Watermark

water mark cover

A feast. An overjoyed eruption of pixels, of an almost pornographic proportion. This fetish of the photographic is a documentary at its most elemental and Vertovian. It’s visuals deserve the big screen. It can stun – although, after a while, one may feel that it is also repetitive.

WATERMARK is a collaborative work from filmmakers Jennifer Baichwal and Nick Pencier, and photographer Edward Burtynsky. As in their previous film, MANUFACTURED LANDSCAPES, which portrays the industrialised world, WATERMARK explores the connection of human and landscape. It is a large scale portrait-in-motion of the relationship human-kind have with water, depicted in various contexts, ranging from the agricultural, to the religious, to the decorative. For the film, water is something to be subsumed, subjugated, enslaved, feared, cajoled and played with.

The film employs similar approaches to KOYAANISQATSI, a landmark documentary on landscapes. The preoccupation with scale and patterns, the techniques of slow motions, time-lapses, and the juxtaposition of images and sound combine to overwhelm the senses – so much so that the absence of a conventional narrative itself is a problem. Indeed, some of the cameraworks and editing resemble those performed in LEVIATHAN, the fishing industry documentary, foregoing a traditional storyline or commentary, focusing instead on the sensory experience.

At its best, WATERMARK can be both visceral and meditative. The surfaces of Earth and the movement of water presented on screen can look intimidating and otherworldly, generating a feeling of awe. These series of scenes, however, taken from various geographical locales can lead to the gradual diminishment of this sense of wonder. Over the course of the film, one may even become desensitised towards the stunning images. One eventually yearns for the film to zoom further in from such a height and magnify the people it shows, and further highlight their struggle with and in water. Some scenes do this, showing people on ground level whose faces, bodies and activities mirror the contours of the landscape they exist in, in turn reflecting the way water moves there. Their snippets of stories indicate intimate relationships with water, across the emotional spectrum. This promises the intensity akin to those conveyed in WORKINGMAN’S DEATH, a work of the recently departed Michael Glawogger, following humans in labours on and within the landscapes. Or indeed the poetic obsession in Herzog’s ENCOUNTERS AT THE END OF THE WORLD, which shows humans in thrall to the landscape. However, in WATERMARK, the people at times feel more like the accessories to the landscape. The film would rather soar and examine from afar.

…foregoing a traditional storyline or commentary, focusing instead on the sensory experience…
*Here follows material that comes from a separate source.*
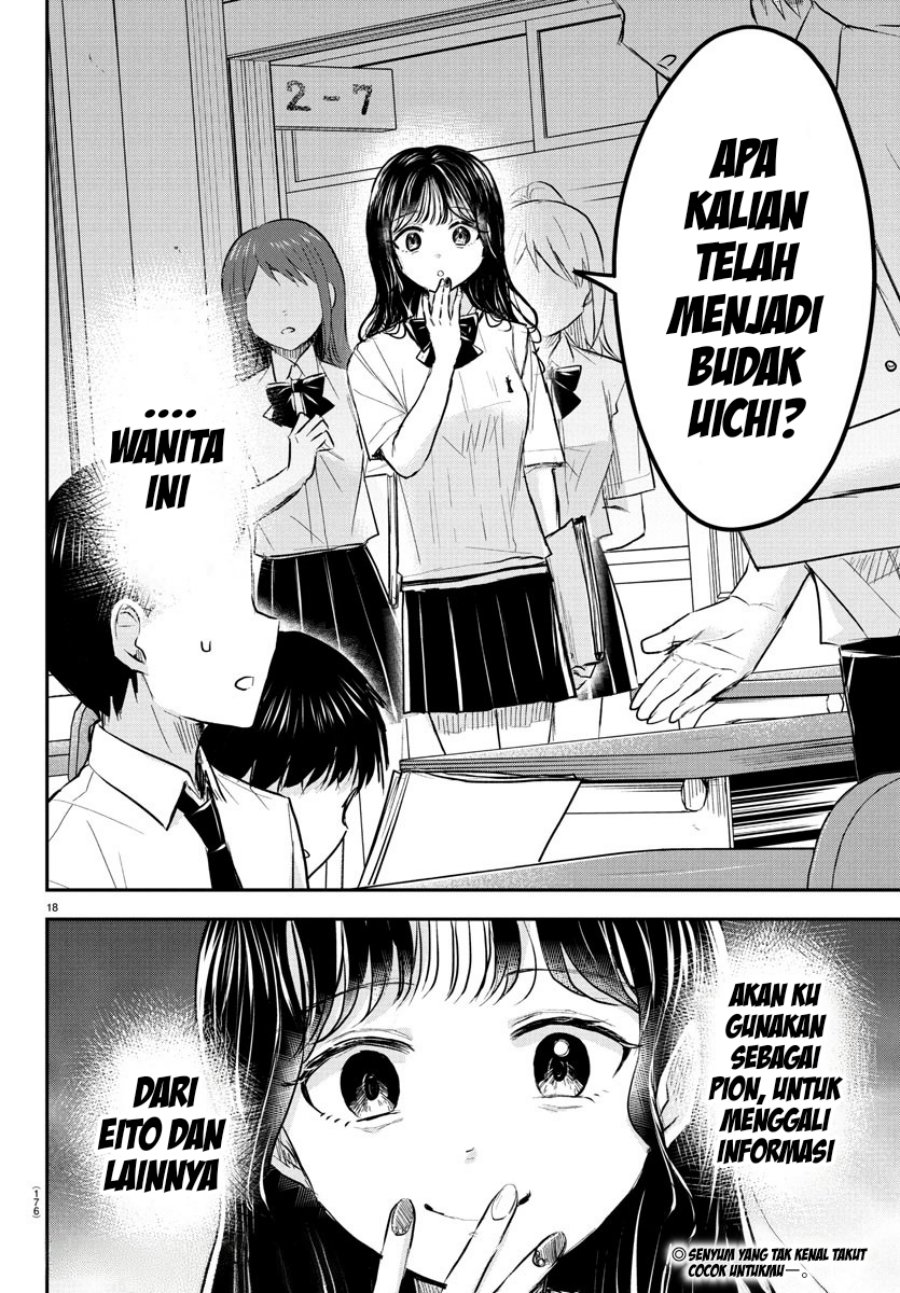 Kimi wa Yotsuba no Clover Chapter 48 Gambar 19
This strategy is a valid one, especially given the technology at its disposal, the expertise of the filmmakers and, perhaps, the global predisposition of the film. However, the shifting focus and the relative lack of insight into the human conditions contribute to a sense of detachment. The rhythm of the film itself feels to be somehow interrupted by the periodical appearances of the photographer, Edward Burtynsky, at work on the subject.

The film is still very much worth watching. It reveals the hidden power and complexities of an ubiquitous subject, often taken for granted. It invites the audience to contemplate their own relations with water, an increasingly precious item becoming more expensive to deliver to the human population. On big screens, however, these may disappear, the films simply transport the audience away.